But exile is not only about alienation. People in exile, as the twice-exiled Cuban poet Octavio Armand once observed, "always carry along their homes: the language, customs, traditions of their countries. They transpose and translate: they live between two shores. Their homes and landscapes live within them, although they are no longer places of physical dwelling."
Seen in this light, the lack of a pressing need to return to Cuba is, for Nilo Cruz (pronounced knee-low), a reflection of how, in a profound and spiritual way, he has always kept strong ties to the island--and how through his writing practice, he has never forsaken it. In play after play, Cruz paints a portrait of cubania--of Cubanness--as a window out of the four walls of estrangement.
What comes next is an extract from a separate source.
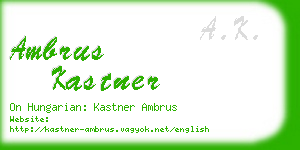 ambrus kastner business card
His theatre is a form of escape, a flight from separation, displacement and cultural fragmentation.
In his plays, Cruz almost always journeys back to Cuba, even when the play is not set there. Cruz, who was raised in Miami and now lives in Manhattan, is no less Cuban for keeping a geographic distance between himself and the tropical island of his childhood. In Dancing on Her Knees, A Park in Our House, Two Sisters and a Piano, Hortensia and the Museum of Dreams and now the Pulitzer-winning Anna in the Tropics, Cruz reconnects with the richness of his culture and the paradoxes of his identity. His artistic creations give voice to the stories, struggles and sensibilities of Cubans with nuance, great sensitivity and a hothouse theatricality.
And he writes about Cuba like a dream. His words burn with the heat of visceral imagery and lyrical emotion. His plays, even the most naturalistic ones, have something of a well-made quality to them, but they bleed into something else; they seep with magic and mysticism. Like Federico Garcia Lorca and Gabriel Garcia Marquez, Cruz fills his writing with symbols and metaphors, allusions to literature and references to nature--the fragrance of guavas, the wet air of the bay, the sweetness of jasmine flowers, the veins coursing through a man's arms "like a Roman aqueduct."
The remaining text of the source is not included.